[[ Material supplied, beginning ]]
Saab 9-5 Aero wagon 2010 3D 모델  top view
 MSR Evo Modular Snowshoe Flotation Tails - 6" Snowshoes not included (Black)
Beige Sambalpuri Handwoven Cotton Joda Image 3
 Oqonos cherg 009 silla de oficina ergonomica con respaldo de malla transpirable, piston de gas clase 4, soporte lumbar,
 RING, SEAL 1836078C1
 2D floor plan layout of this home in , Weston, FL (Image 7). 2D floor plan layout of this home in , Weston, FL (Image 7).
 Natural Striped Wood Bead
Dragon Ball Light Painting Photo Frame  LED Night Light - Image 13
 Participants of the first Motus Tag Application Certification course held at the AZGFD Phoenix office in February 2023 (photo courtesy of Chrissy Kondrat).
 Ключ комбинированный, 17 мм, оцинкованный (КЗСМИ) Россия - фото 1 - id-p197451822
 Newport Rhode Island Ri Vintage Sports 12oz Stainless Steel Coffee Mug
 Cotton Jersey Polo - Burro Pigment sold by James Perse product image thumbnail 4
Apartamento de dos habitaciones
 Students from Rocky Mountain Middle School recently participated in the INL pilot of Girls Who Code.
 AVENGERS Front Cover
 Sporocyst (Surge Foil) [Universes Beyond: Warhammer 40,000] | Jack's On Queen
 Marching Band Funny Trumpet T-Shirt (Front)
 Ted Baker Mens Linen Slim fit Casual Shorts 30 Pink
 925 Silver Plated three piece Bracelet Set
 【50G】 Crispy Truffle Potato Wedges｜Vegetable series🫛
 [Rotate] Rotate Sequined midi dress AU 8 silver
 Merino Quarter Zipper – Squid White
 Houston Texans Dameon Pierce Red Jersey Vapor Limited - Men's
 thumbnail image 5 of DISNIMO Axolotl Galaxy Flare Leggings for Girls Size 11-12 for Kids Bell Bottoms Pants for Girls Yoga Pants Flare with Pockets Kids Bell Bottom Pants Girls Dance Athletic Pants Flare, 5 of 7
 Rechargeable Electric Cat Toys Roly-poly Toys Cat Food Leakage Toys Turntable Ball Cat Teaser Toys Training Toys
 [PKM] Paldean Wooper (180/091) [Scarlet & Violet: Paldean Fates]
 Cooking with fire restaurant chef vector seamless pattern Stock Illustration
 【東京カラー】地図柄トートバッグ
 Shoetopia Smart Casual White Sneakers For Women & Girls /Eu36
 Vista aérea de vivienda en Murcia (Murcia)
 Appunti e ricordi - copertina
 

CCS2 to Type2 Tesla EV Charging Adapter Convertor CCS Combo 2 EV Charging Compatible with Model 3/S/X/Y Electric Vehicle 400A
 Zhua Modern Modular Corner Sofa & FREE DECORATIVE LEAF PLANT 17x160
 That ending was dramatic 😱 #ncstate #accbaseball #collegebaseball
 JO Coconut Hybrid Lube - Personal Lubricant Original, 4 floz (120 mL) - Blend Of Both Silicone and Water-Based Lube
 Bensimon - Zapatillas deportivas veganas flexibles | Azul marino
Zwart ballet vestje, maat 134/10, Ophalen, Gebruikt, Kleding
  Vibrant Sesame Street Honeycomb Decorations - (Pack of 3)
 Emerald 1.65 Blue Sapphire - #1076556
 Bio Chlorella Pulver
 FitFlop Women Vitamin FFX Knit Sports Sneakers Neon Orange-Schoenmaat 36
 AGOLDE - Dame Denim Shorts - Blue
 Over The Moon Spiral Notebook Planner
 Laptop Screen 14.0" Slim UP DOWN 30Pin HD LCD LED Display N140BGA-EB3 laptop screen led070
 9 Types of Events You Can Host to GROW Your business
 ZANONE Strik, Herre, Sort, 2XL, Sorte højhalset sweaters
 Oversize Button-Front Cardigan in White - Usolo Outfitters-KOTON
[[ Material supplied, end ]]
### What this task involves
Please find how many lines of the entries above include the string "Jersey", giving the number and nothing else.

### Answer area
2